X-Message-Number: 21944
From: "Mark Plus" <>
Subject: Natural gas economics turn international 
Date: Tue, 10 Jun 2003 22:49:13 -0700

http://www.upi.com/view.cfm?StoryID=20030610-065156-8494r

Natural gas economics turn international
By Hil Anderson
UPI Chief Energy Correspondent
Published 6/10/2003 7:06 PM


LOS ANGELES, June 10 (UPI) -- Federal Reserve Chairman Alan Greenspan 
Tuesday dumped icy cold water on the notion that natural gas will be able to 
keep the U.S. economy humming without the uncertainty that accompanies 
dependence on foreign oil imports.

Testifying before the House Energy and Commerce Committee, Greenspan said 
the nation appeared destined -- or doomed -- to include not only gas 
produced in North America in its energy mix for the 21st century, but also 
on increasing volumes of liquefied natural gas, or LNG, from overseas.

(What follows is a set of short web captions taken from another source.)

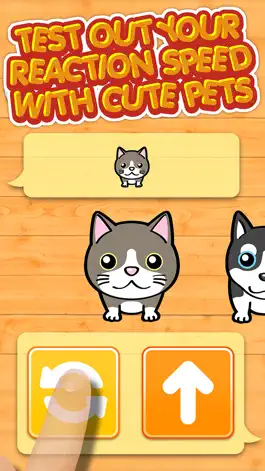 Game screenshot Neko & Doggie Dojo - My Dear Mini Smart Pets Choice Games apk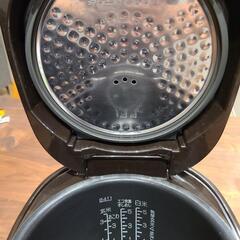 【お相手決定】象印の炊飯器(NPVI10)の画像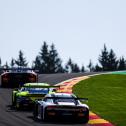 #29 Sandro Holzem / Juliano Holzem / Land Motorsport / Audi R8 LMS GT3 Evo2, Spa-Francorchamps (B)
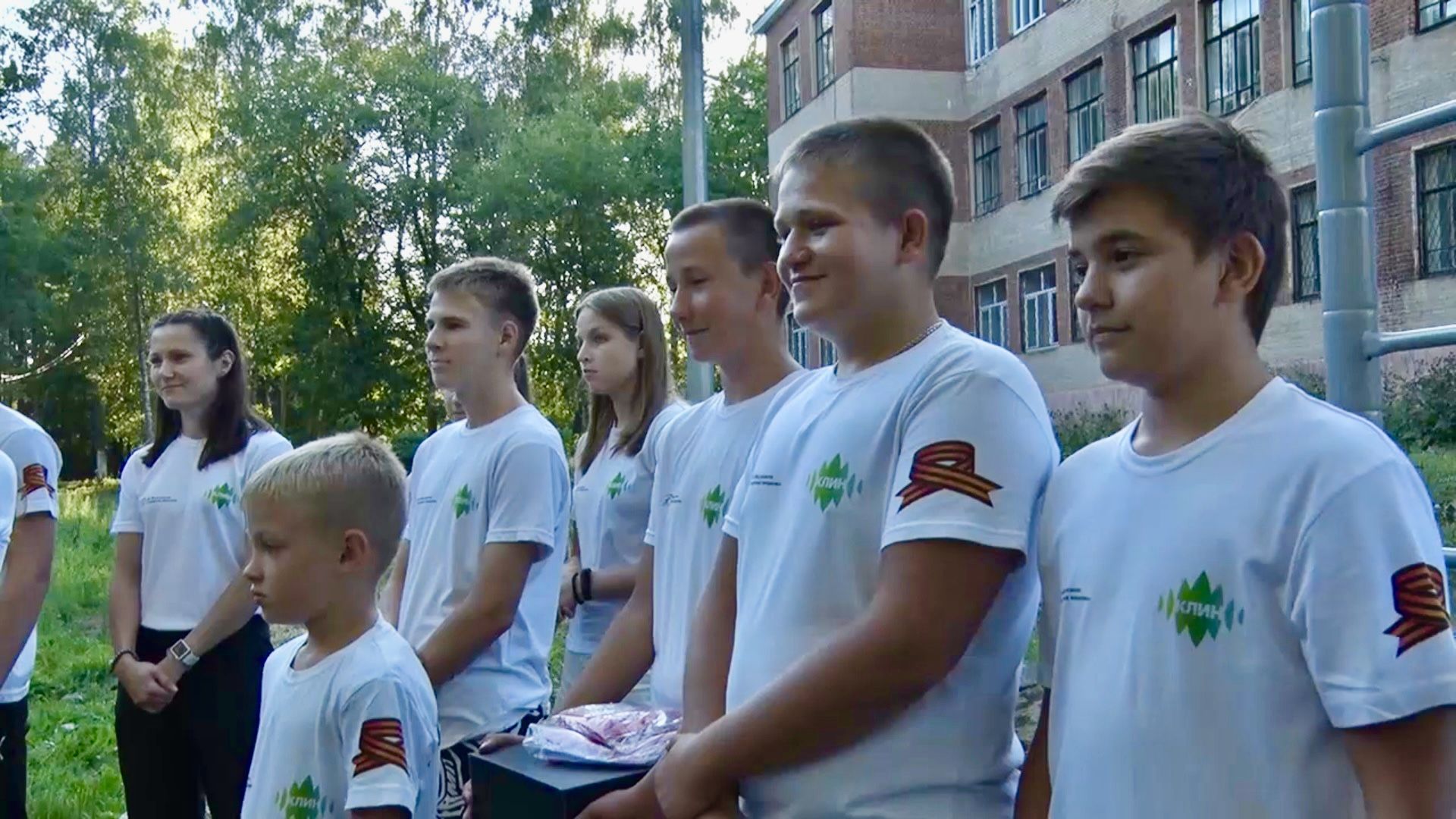 Клин, общество, спорт, дети, перемены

"Given notable cost reductions for both liquefaction and transportation of 
LNG, significant global trade is developing," Greenspan told the committee. 
"High gas prices projected in the American distant futures market have made 
us a potential very large importer."

The quest for energy independence remains as elusive today as it did in the 
1970s when a little-known coalition of Middle East states rudely made 
Americans aware of the global nature of energy markets and the United 
States' dependence on oil from overseas as witnessed by long snaking lines 
at gas pumps around the country.

The United States now faces a potentially similar relationship with overseas 
gas producers as it becomes more apparent that it simply won't be possible 
to meet the nation's growing appetite for clean-burning gas to produce not 
only heat for homes but also electricity and the raw material for fertilizer 
and petrochemicals.

Greenspan told the members that a sizable LNG infrastructure would acts as a 
"safety valve" to supplement domestic gas supplies during shortages; however 
many of the major sources of LNG are nations that have their own political 
turmoil, including the Middle East, Algeria, Indonesia and the former Soviet 
Union.

Not all is lost, Greenspan said, noting that LNG sources can be found in 
extremely stable regions as well and are not concentrated heavily in one 
particular area as is the case with crude oil and the Middle East.

"There is a much greater dispersion of natural gas reserves throughout the 
world that shouldn't be subject to the types of problems we have when 
three-fifths of our crude reserves currently exist in a very small area of 
the world (the Middle East)," Greenspan said. "I recognize there are 
security problems with natural gas supply, but they are less than for oil 
because we have significant reserves of natural gas in areas which are not 
serious problems with respect to national security."

The American Gas Association estimates that U.S. natural gas consumption 
will grow 50 percent by 2020, and Tuesday's hearings -- held on the eve of 
the Energy Department's emergency summit on natural gas supplies -- 
concluded that there is a lot more to increasing gas supplies than simply 
opening up protected lands to exploration.

Witnesses from the energy industry testified earlier in the day that the 
nation's gas infrastructure, particularly pipelines and underground storage 
facilities, currently are inadequate to handle a major increase in domestic 
production, and the current regulatory climate makes investing in such 
projects unattractive to Wall Street.

"Investing in energy infrastructure is distinctly unprofitable," Goldman 
Sachs energy economist Jeffrey Currie told the committee. "A combination of 
regulation, taxes and indirect market intervention has made the return on 
capital in the energy industry a break-even proposition at best."

While the political debate continues over the need to speed up permits for 
new pipelines and remove restrictions on energy exploration on protected 
federal lands, the U.S. Energy Information Administration is predicting a 
major increase in the amount of LNG imported to the United States.

LNG is natural gas that is super-cooled and converted to its liquid state so 
it can be hauled aboard specially designed tankers from overseas to 
terminals where it is returned to its gaseous state and shipped inland by 
pipeline.

The EIA noted this year that world LNG trade grew more than 50 percent 
between 1995 and 2001 and predicted the annual U.S. consumption of LNG would 
grow from the current level of around 200 billion cubic feet to 200 trillion 
cubic feet in 2025.

A stumbling block is the fact there are only four LNG terminals in the 
United States. New facilities are in the planning stages in both the United 
States and Mexico, however they face regulatory hurdles and must rely on 
there being pipelines to move the gas to market once on shore.

Once the LNG infrastructure is increased and melded into the nation's 
overall energy grid, U.S. companies will be able to expand the number of LNG 
suppliers they have relationships with and take advantage of price 
competition -- at least until the suppliers form their own OPEC and start 
trying to manage the market themselves.

In the meantime, however, Greenspan sees LNG as a means of removing the 
current supply restrictions and keeping natural gas as the preferred fuel of 
the future.

"That gives us the capability of making other judgments as to what are the 
tradeoffs between the environment and domestic energy production," Greenspan 
averred. "If we do not have that international safety valve, then of course 
we'll face some very tough decisions."